G'day folks,

You don't have to be a professional jockey to ride in Britain's oldest horse race. 


For centuries, horses have thundered across this four-mile course. These aren’t your typical racehorses, and it isn’t your typical racetrack. All horses—Thoroughbred or not—are qualified to run in what’s considered England’s oldest horse race.  Said to have first been run in 1519, and written in records dating from the early 17th century, the Kiplingcotes Derby welcomes horses and riders of all ages and backgrounds. The oldest recorded rider was 74 years old.


The derby takes place on the third Thursday in March. The participants turn up on the day, pay the entry fee, and then they’re good to go. There is only one bookmaker, who doesn’t get advance notice of runners and must fix his odds on the day of the race.
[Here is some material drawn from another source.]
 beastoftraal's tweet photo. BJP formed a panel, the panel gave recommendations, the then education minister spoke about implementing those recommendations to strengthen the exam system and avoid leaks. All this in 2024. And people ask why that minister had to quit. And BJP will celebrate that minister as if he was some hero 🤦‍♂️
You’ll see sleek, well-muscled sport horses galloping alongside draft horses and other stocky breeds. Some riders sport colorful silks, while others wear their everyday riding attire. Locals line the course, cheering on the contestants as they whiz past.
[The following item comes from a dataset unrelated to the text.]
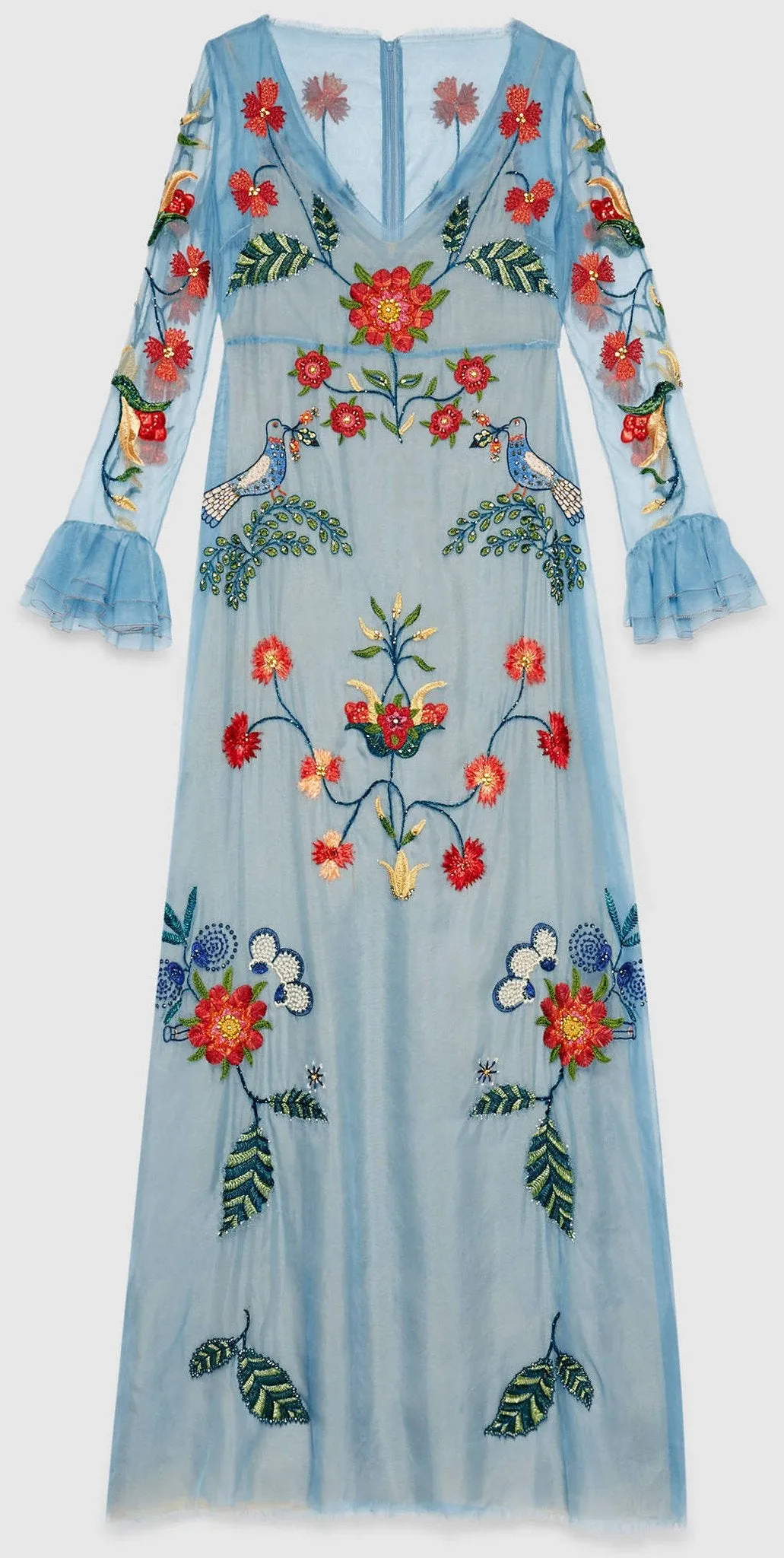 Baby Blue Floral Embroidered Long Silk Organza Dress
The derby is a point-to-point flat race and takes place on rough and, in some places, steep and muddy farm tracks. The finishing is post placed on the grass verge of a public highway, which forms the final straight.
Strangely, it’s actually more lucrative to finish second best than to win. The winner gets £50 (and to keep the trophy until the next race), and the second place rider gets the remainder of the entry fees. Because of the number of horses that enter the race, this runner up prize often comes to much more than the first place reward. But still, there are many who are eager to win. It’s said that retired racehorses are sometimes entered under false names.

Tradition has it that if the race is canceled one year, it will never run again. In the few recorded instances when the race has been canceled in its long history, steps are taken to ensure the tradition is maintained. In 2018, the course was deemed too dangerous to run due to waterlogging, so two horses were ridden slowly, and at times lead by hand, across the track so future races could still occur.

Clancy's comment: Ah, such tradition. Go the Brits!